Yahudiliğin Kökenleri ve Küresel Gücü
Yahudilik Ortadoğu medeniyetinin binlerce yıllık tarihinin içinden süzülerek gelen bir sentezin ürünüdür. Yahudiler dindarlık hamuru içinde şekillenmiş olmasına rağmen yaşama rasyonel açıdan bakan bir kültürün ürünüdür. Yahudiler tek tanrılı dinlere, dünyanın ekonomik işleyiş düzenine, kendi dışındaki kültürlere oldukça büyük katkıda bulunmuşlardır. Aşırı dindarlık ölçüleri içinde bile dünya yaşamlarındaki mücadelede rasyonel olmayı becerebilmişlerdir.

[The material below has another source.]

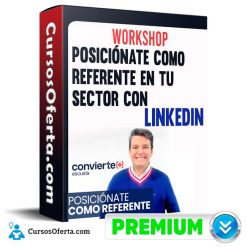 Posiciónate como referente en tu sector con LinkedIn - Convierte mas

Yahudiliği anlamak bir ölçüde Ortadoğu medeniyetini, Hristiyanlığı, İslam’ı anlamak demektir.Yahudi tarihi, kültürü, dini, dünya görüşünü bilmeden ne ekonomi tarihini ne bugünkü ekonominin geldiği noktayı, dünyanının hangi güçlerin kontrolünde olduğunu, bu güçlerin politikalarını, perde arkasındaki ajandalarını kolay kolay kavrayamazsınız.
Bütün bunların yanında Yahudilerin kendilerini ayrıcalıklı ırk olarak görmeleri, dinlerinin kendilerine özgü olduğuna inanmaları, kendi dışındaki kişi ve inanç sistemlerini daha aşağı görmeleri Yahudiliği evrensel bir din değil, kapalı bir çevrede kalan şövenist bir din yaparken; kendilerine olan tepkileri, yaşadıkları acıları ve dün ve bugün dünyada oluşan birçok sorunu da beraberinde getirmiştir. Dinsel inanç sistemleri Yahudileri şekillendirip bir arada tutmayı ve onların ticari hayatta başarılı olmalarını sağlarken çektikleri acıların da nedeni olmuştur.
Olayların kökenlerine inmeden ne inanç sistemleri ne külütürleri ne de bugün yaşadığımız dünyayı anlamak mümkün değildir. Yahudilerin tarihi de dünya tarihinin ve bugünün önemli bir parçasını teşkil etmektedir. Bu gerçeği iyi anlamak; küresel güçlerin kimler olduğunu ve tarihsel süreçte kapitalist sisteminin işleyişini de anlamaya yardımcı olacaktır.